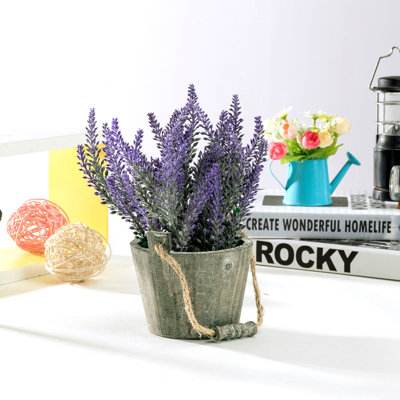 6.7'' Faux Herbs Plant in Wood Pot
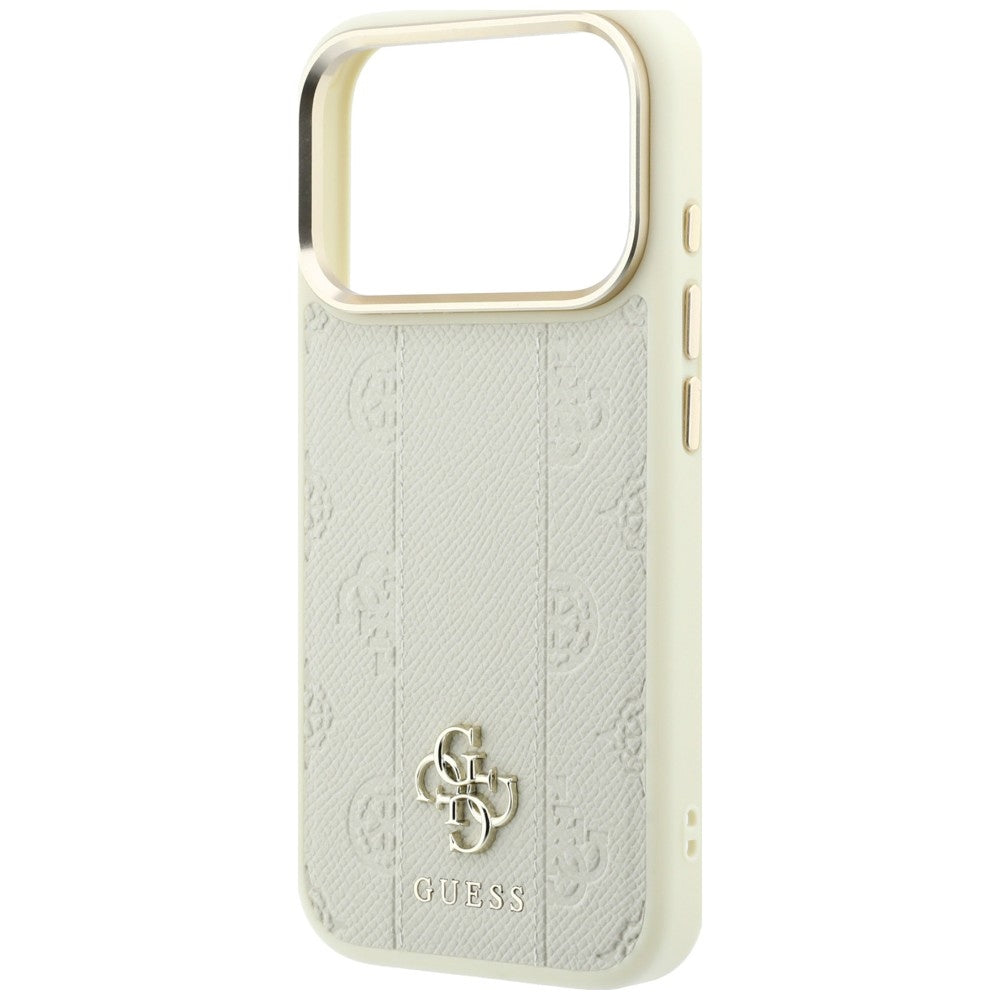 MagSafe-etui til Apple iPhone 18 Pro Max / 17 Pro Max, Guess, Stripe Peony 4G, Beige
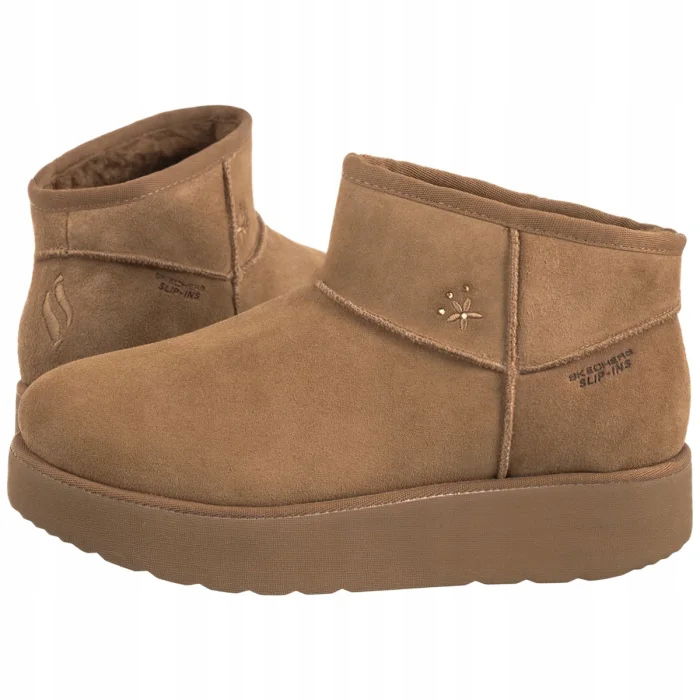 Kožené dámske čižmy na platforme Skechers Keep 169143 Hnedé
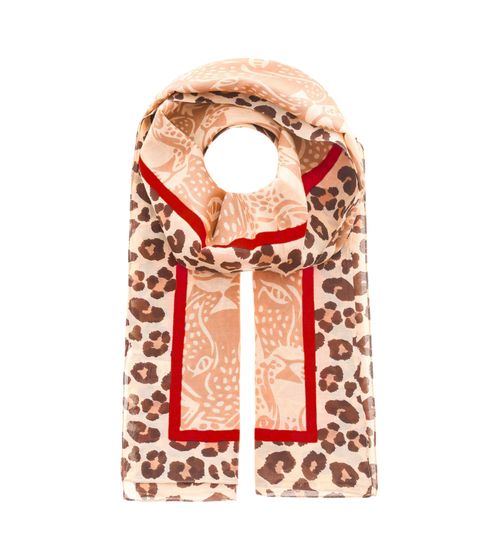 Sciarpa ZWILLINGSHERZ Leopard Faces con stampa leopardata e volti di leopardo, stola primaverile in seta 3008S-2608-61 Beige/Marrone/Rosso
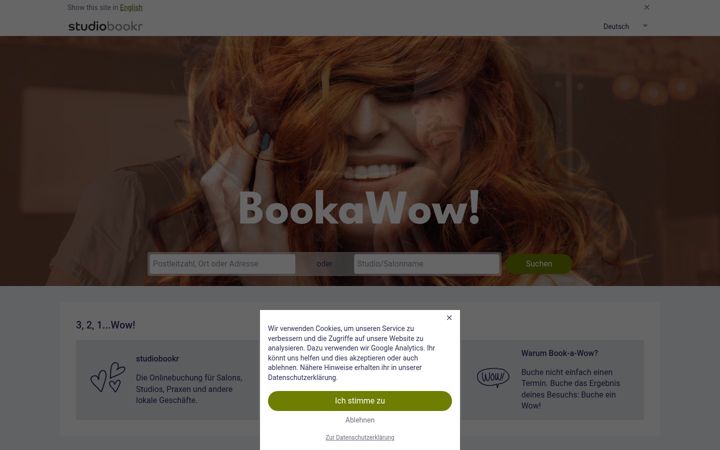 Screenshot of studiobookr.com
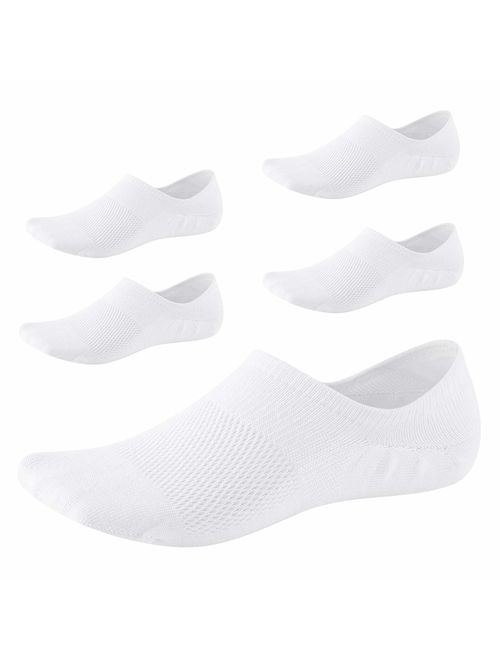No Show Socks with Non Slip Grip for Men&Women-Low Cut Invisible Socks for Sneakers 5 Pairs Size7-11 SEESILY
━━━━━━━━━━━━━━━━
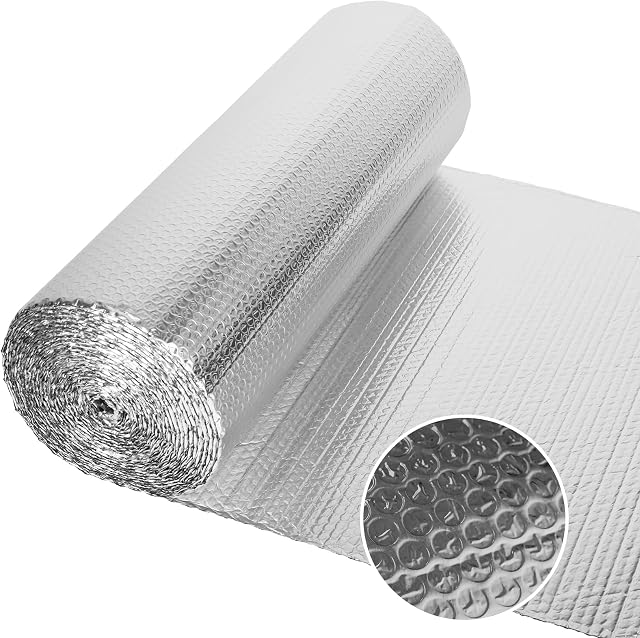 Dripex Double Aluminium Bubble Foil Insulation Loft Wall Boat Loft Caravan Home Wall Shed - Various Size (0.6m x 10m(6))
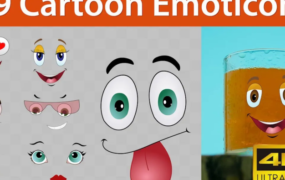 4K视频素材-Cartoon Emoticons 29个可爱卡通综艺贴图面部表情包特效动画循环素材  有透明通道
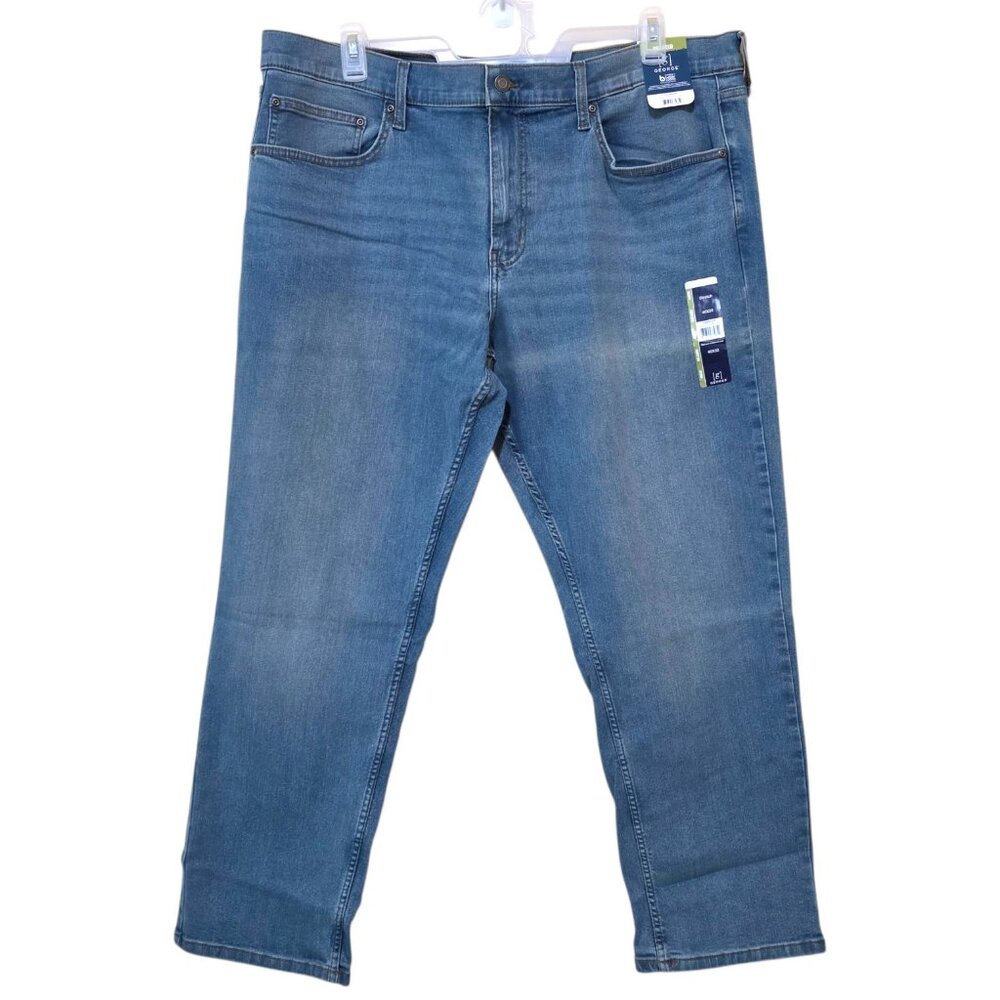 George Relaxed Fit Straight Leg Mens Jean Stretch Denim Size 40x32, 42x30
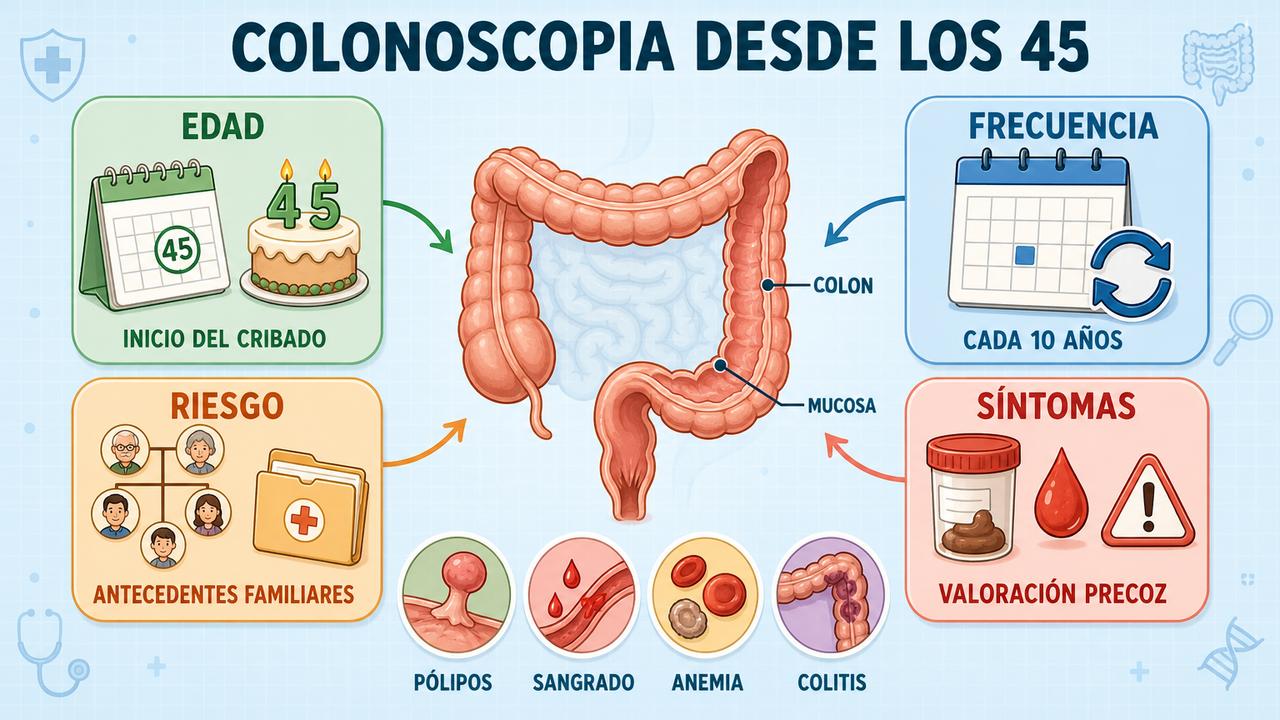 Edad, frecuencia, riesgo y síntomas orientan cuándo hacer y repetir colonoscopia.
━━━━━━━━━━━━━━━━
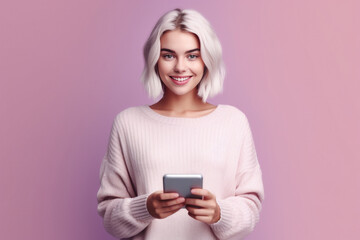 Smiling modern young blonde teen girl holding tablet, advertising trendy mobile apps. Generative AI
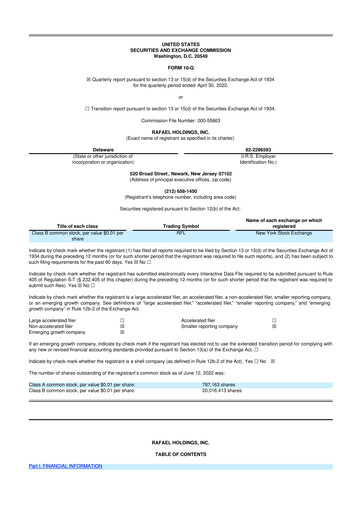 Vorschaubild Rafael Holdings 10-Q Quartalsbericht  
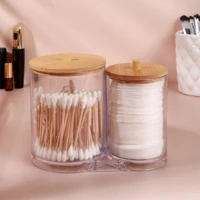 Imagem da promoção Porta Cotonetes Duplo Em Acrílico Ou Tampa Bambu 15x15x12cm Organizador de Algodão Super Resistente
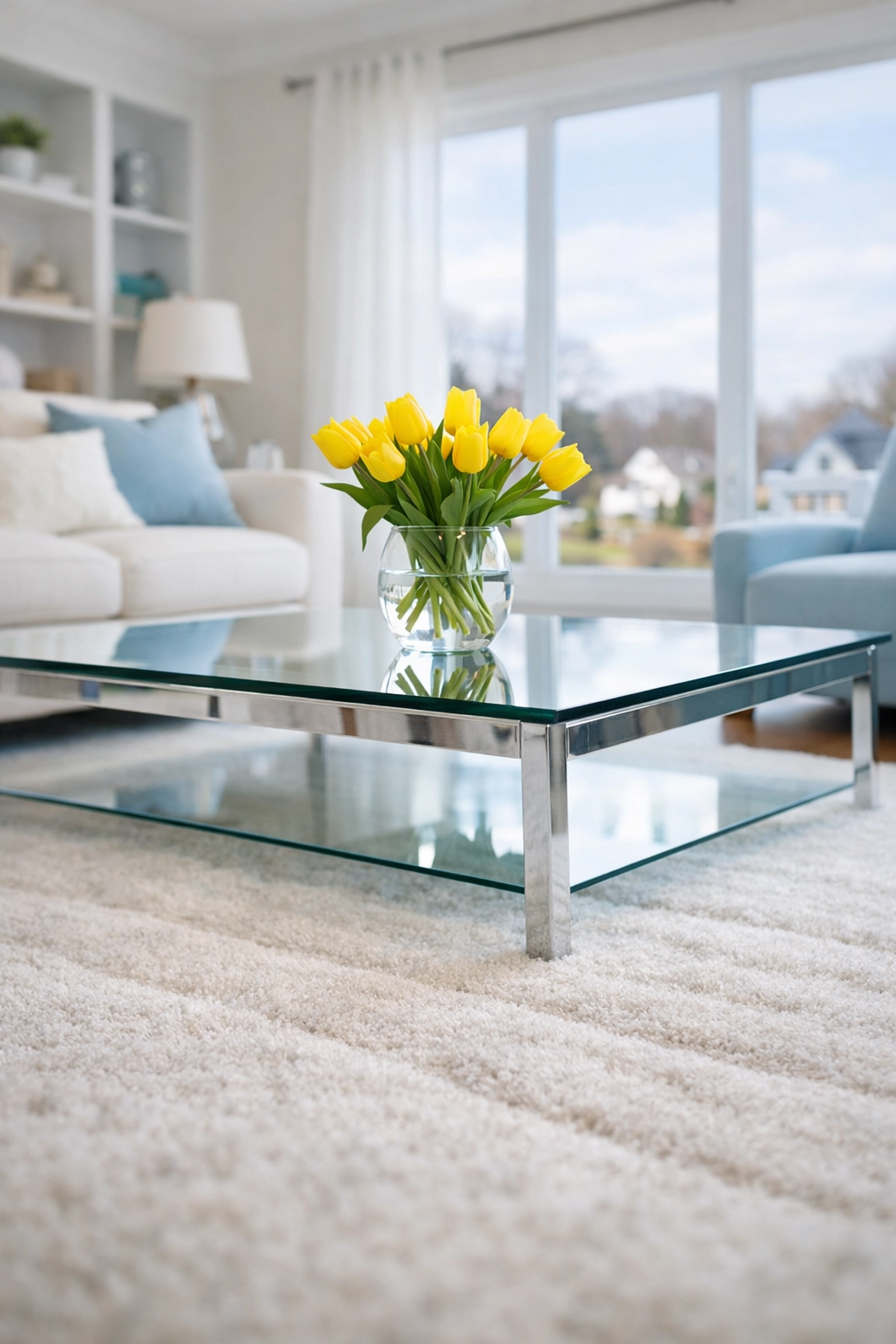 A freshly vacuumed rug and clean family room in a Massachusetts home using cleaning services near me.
━━━━━━━━━━━━━━━━
WORK ORDER:
Within the entries above, the lines from the one containing "Smiling modern young" through the one containing "A freshly vacuumed" are to be transcribed exactly, ends included, pictures excluded.

RESULT BELOW:
 Smiling modern young blonde teen girl holding tablet, advertising trendy mobile apps. Generative AI
 Vorschaubild Rafael Holdings 10-Q Quartalsbericht  
 Imagem da promoção Porta Cotonetes Duplo Em Acrílico Ou Tampa Bambu 15x15x12cm Organizador de Algodão Super Resistente
 A freshly vacuumed rug and clean family room in a Massachusetts home using cleaning services near me.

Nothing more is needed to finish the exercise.